Grouping and then applying the avg() function to the resulting groups.

df.groupby("color").avg().show()
+-----+-------+-------+
|color|avg(v1)|avg(v2)|
+-----+-------+-------+
|  red|    4.8|   48.0|
|black|    6.0|   60.0|
| blue|    3.0|   30.0|
+-----+-------+-------+

Getting Data in/out

Spark.jl can read and write a variety of data formats.
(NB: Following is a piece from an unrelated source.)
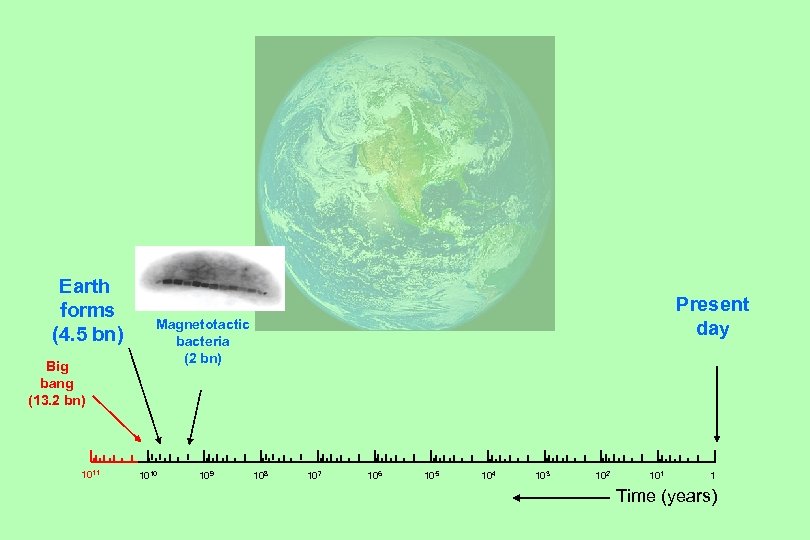Earth forms (4. 5 bn) Big bang (13. 2 bn) 1011 Present day Magnetotactic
Here's a few examples.

CSV

df.write.option("header", true).csv("data/fruits.csv")
spark.read.option("header", true).csv("data/fruits.csv")

Parquet

df.write.parquet("data/fruits.parquet")
spark.read.parquet("data/fruits.parquet")

ORC

df.write.orc("data/fruits.orc")
spark.read.orc("data/fruits.orc")

Working with SQL

DataFrame and Spark SQL share the same execution engine so they can be interchangeably used seamlessly. For example, you can register the DataFrame as a table and run a SQL easily as below:

df.createOrReplaceTempView("tableA")
spark.sql("SELECT count(*) from tableA").show()
+--------+
|count(1)|
+--------+
|       8|
+--------+
spark.sql("SELECT fruit, sum(v1) as s FROM tableA GROUP BY fruit ORDER BY s").show()
+------+---+
| fruit|  s|
+------+---+
|banana| 10|
| grape| 12|
|carrot| 14|
+------+---+